Flush the pot of quaking grass with plain water until it runs freely from the base every couple of months in the feeding season — it washes out the fertiliser salts that cause brown tips.

Organic vs synthetic feeds for quaking grass

Organic options

A diluted seaweed or worm-casting feed, or fish emulsion if you can tolerate the smell indoors. UK: Westland or Baby Bio Organic, dilute seaweed; US: Espoma Indoor! or Neptune's Harvest fish & seaweed. Slow, gentle and hard to overdo.

Synthetic / liquid feeds

A general-purpose houseplant liquid at half strength — UK: Baby Bio, Westland Houseplant Feed or Phostrogen; US: Miracle-Gro Indoor Plant Food or Schultz. Convenient and fast-acting; the only risk is overdoing it.

Brand names are examples, not endorsements, and UK and US ranges differ — check the label’s own NPK and dilution rate, since formulations change.

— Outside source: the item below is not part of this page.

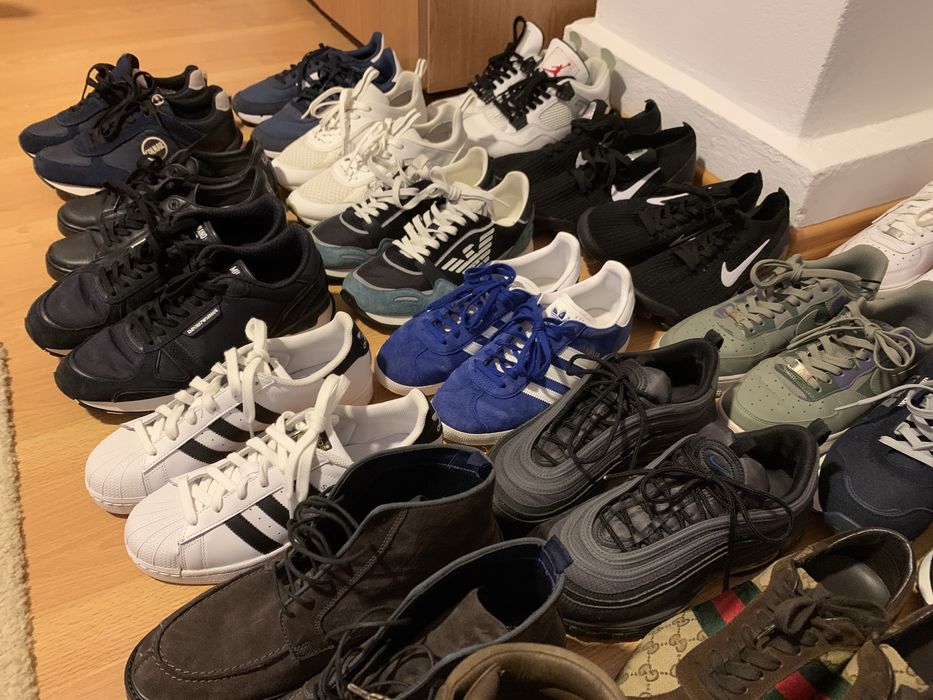 Lot de adidasi originali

Fertilising quaking grass — frequently asked questions

What fertiliser does quaking grass need?

A balanced general houseplant feed (roughly even N-P-K) is exactly right — it is grown for foliage, so steady, moderate nitrogen for healthy leaves is the goal, not a bloom or root formula. Quaking Grass is an easy, light foliage feeder — a half-strength balanced liquid feed through the growing months keeps it green without forcing weak, sappy growth.

How often should I feed quaking grass?

Needs no feeding and actually prefers lean soil; fertiliser produces lax, floppy growth and fewer of the prized dancing seedheads. Skip feeding entirely in average ground. Needs no feeding and actually prefers lean soil; fertiliser produces lax, floppy growth and fewer of the prized dancing seedheads. Skip feeding entirely in average ground. Treat that as sparingly through the growing season between spring through early autumn (roughly March to September); ease off in autumn and stop entirely in the low light of winter.

What strength of feed for quaking grass?

Half strength is the safe default for quaking grass — houseplant feeds are formulated strong, and the diluted dose is gentler on the roots while still ample for foliage.

What does over-feeding quaking grass look like?

Brown, crispy leaf tips and edges with no sign of underwatering. A white, crusty salt deposit on the soil surface or pot rim. Weak, pale, stretched new growth that flops. Lower leaves yellow and drop while the soil is correctly watered. Feeding quaking grass year-round on a fixed schedule, including dark winter months, is the most common mistake — it cannot use the nutrients in low light and the surplus simply burns the roots and crusts the soil.

Should I flush the soil of quaking grass?

Flush the pot of quaking grass with plain water until it runs freely from the base every couple of months in the feeding season — it washes out the fertiliser salts that cause brown tips.